Jason Riley reports on the continuing struggles of Tom Cotton’s challenge to incumbent Sen. Mark Pryor in Arkansas’ Senate race:

For most of this year, the Senate race in Arkansas between incumbent Democrat Mark Pryor and GOP Rep. Tom Cotton has been neck and neck. But three polls since April 1 have shown Mr. Pryor with a double-digit lead.

The report notes that Pryor is managing to win the support of a third of the voters that disapprove of Obama, so he isn’t weighed down as much by Obama’s unpopularity in the state as Republicans assumed he would be. Cotton has run a shaky campaign, and in the last poll his unfavorability is slightly higher than his favorability. Dana Milbank notes that Cotton has been stressing his military service in his campaign ads, but this doesn’t seem to have helped him very much. It cannot help Cotton that he seems to be identified with Washington and with Congress specifically, and his hawkish foreign policy views are bound to make him less appealing at a time when most Americans are rejecting interventionist arguments.
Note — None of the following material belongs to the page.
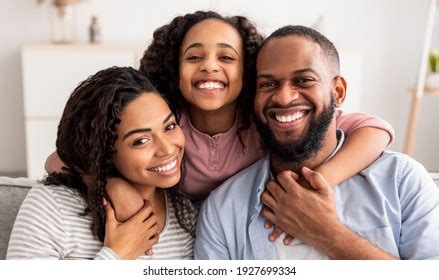 6,490,111 Smiling Family Images, Stock Photos, 3D objects, & Vectors | Shutterstock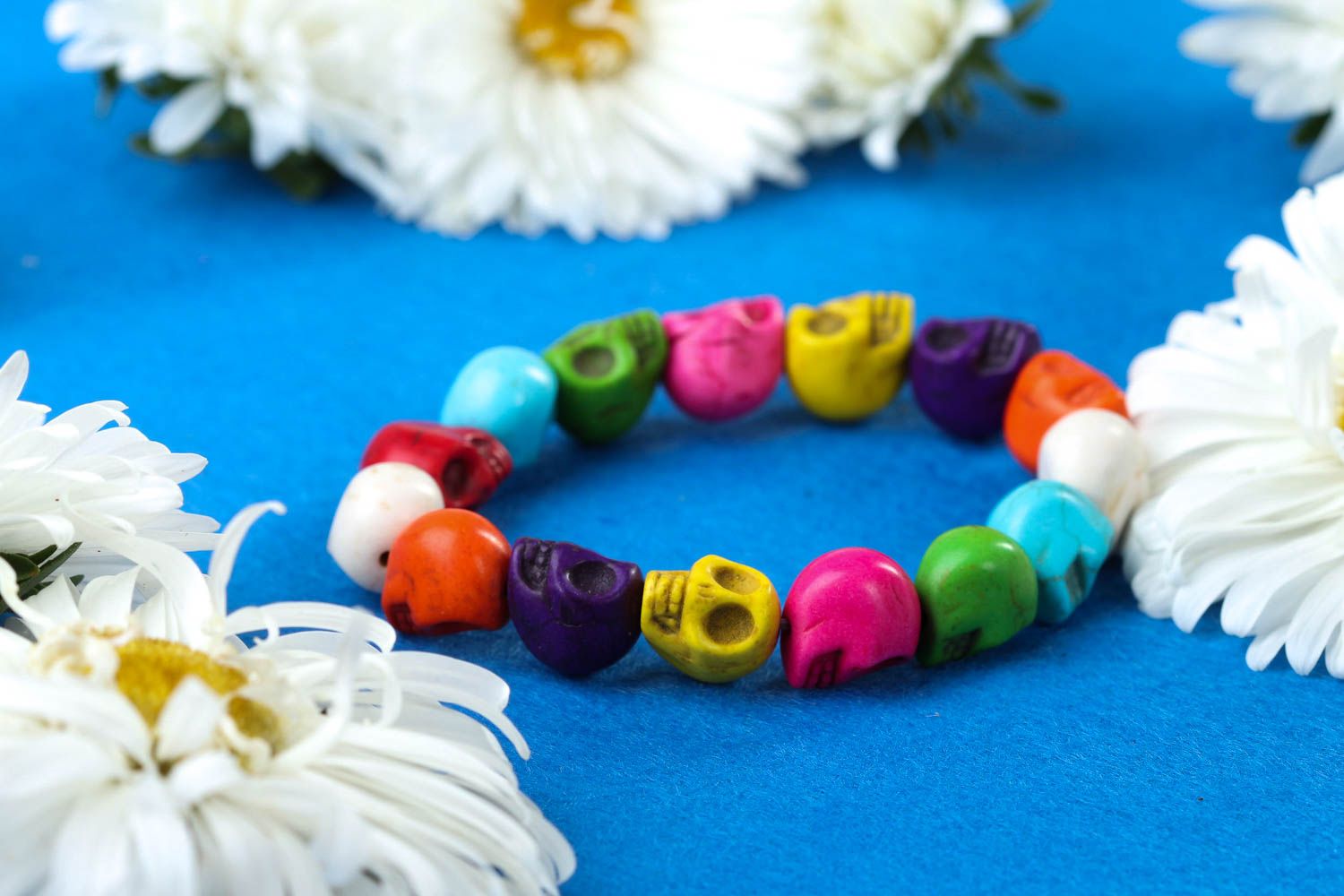 Multicolored skull beads bracelet on an elastic string photo 1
Cotton was touted as one of the best of the GOP’s Senate recruits this cycle, and Pryor was considered to be extremely vulnerable. If Republicans can’t pick up a Senate seat in a midterm election year in a state where Obama is overwhelmingly disliked, it seems unlikely that they will gain control of the Senate. It also suggests that the party is struggling even in parts of the country in which it ought to be thriving, and it should serve as a warning that even relatively strong candidates aren’t able to compete when they are promoting deeply unpopular policies.